L’ASB est favorable à l’introduction d’un PLB pour les établissements d’importance systémique.3 Le PLB complète le dispositif existant destiné à préserver la stabilité du système. Des instruments similaires sont déjà d’usage courant sur des places financières comparables, ils font partie de la «boîte à outils» standard à l’échelon international et le Conseil de stabilité financière (CSF) les recommande. 

Le PLB est accompagné d’un important privilège en cas de faillite en faveur de la BNS, il ne constitue pas un droit (en d’autres termes, il ne se déclenche pas automatiquement) et, en cas de mise en œuvre, il donnerait lieu au versement d’intérêts et de primes substantiels à la Confédération, de sorte qu’une «indemnisation forfaitaire» supplémentaire est dénuée de fondement objectif selon nous. 

1  De surcroît, afin de préserver la stabilité, la BNS a été contrainte d’aller jusqu’aux limites de son mandat en activant le dispositif «ELA+» et en mettant des liquidités à disposition contre un privilège en cas de faillite, mais sans garantie du risque de défaillance de la Confédération. Cela doit être considéré comme un cas exceptionnel absolu et à ne pas réitérer, lié au fait que les garanties étaient insuffisantes pour le dispositif ELA.

2 Pour des informations détaillées, veuillez consulter la prise de position spécifique de l’ASB.

3 Pour des informations détaillées, veuillez consulter la prise de position spécifique de l’ASB.

Fonds propres 

Les exigences de fonds propres qui s’imposent aux banques d’importance systémique en Suisse sont conformes aux normes internationales, elles sont strictes par rapport à celles qui prévalent sur d’autres places financières comparables et elles le seront encore davantage à partir de 2025, dans le cadre de Bâle III final. Il convient de relever en particulier que les prescriptions extrêmement rigoureuses applicables aux établissements d’importance systémique, notamment en ce qui concerne le ratio d’endettement (leverage ratio), sont nettement plus sévères que celles de pays étrangers comparables. 

Même le Conseil fédéral, dans son dernier rapport TBTF, a jugé appropriées les exigences suisses quant à la dotation en fonds propres des banques d’importance systémique. Le groupe d’experts «Stabilité des banques» du DFF partage cette conclusion. Globalement, par rapport à leurs homologues dans l’UE, au Royaume-Uni et aux Etats-Unis, les grandes banques suisses sont soumises à des exigences élevées en ce qui concerne la capacité totale d’absorption des pertes (total loss absorbing capacity, TLAC). 

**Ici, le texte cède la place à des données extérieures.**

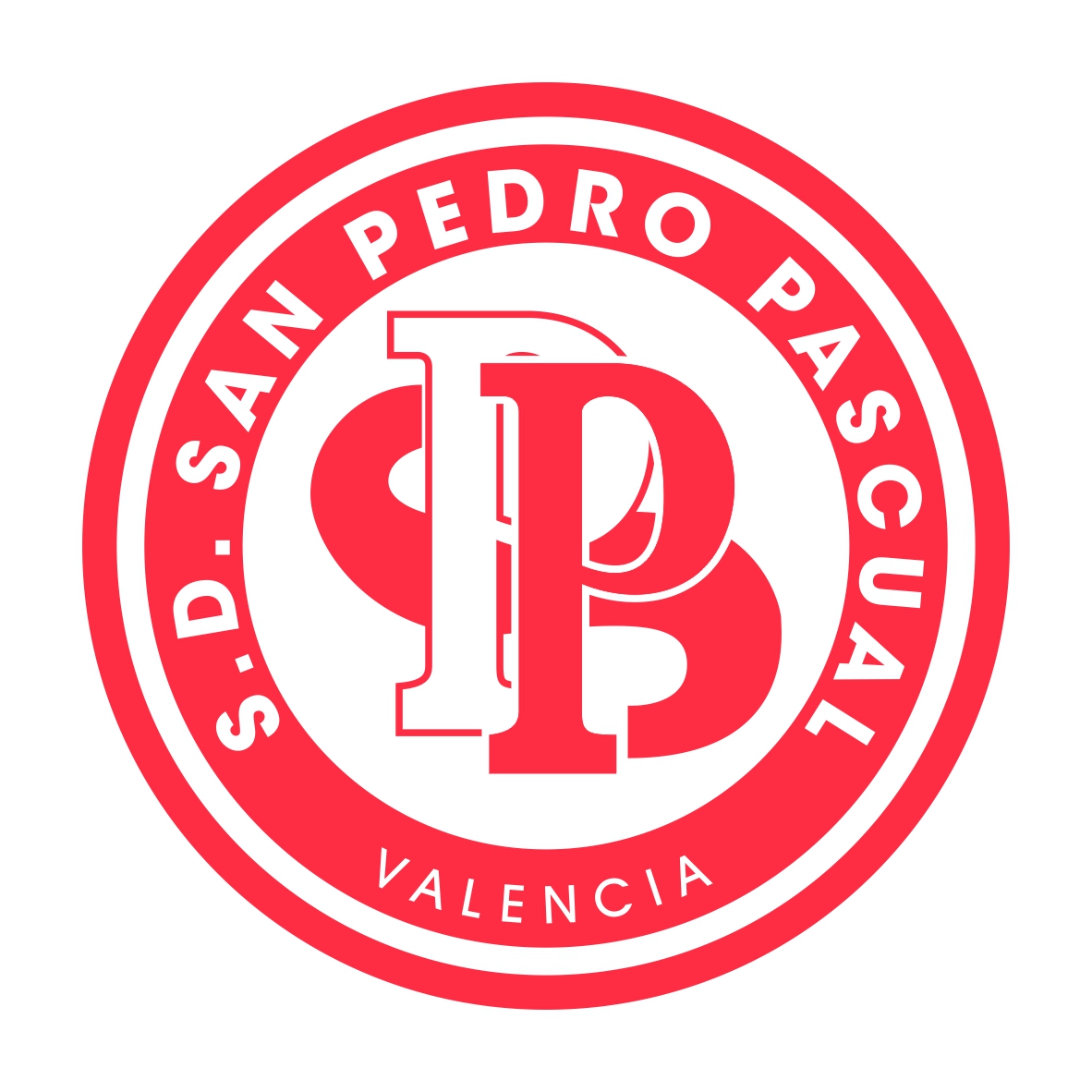 COLEGIO SAN PEDRO PASCUAL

Un volant confortable de fonds propres renforce la capacité d’absorption des pertes, atténue en pareil cas le risque de panique bancaire et rend la situation plus propice à d’éventuelles autres mesures, comme une liquidation ou un redressement. Une bonne dotation en fonds propres est donc essentielle: elle instaure la confiance, elle procure un amortisseur et du temps pour surmonter les crises. Mais elle n’offre jamais une protection intégrale contre les crises, surtout en l’absence d’un modèle d’affaires durable et d’une gestion robuste des risques 

Au regard de l’économie globale, il faut en outre être conscient que si l’on relevait les exigences de fonds propres de manière substantielle, cela aurait des effets sensibles dans l’économie réelle. Il pourrait en résulter une contraction involontaire du crédit suite à une baisse des volumes et/ou à des hausses des coûts. 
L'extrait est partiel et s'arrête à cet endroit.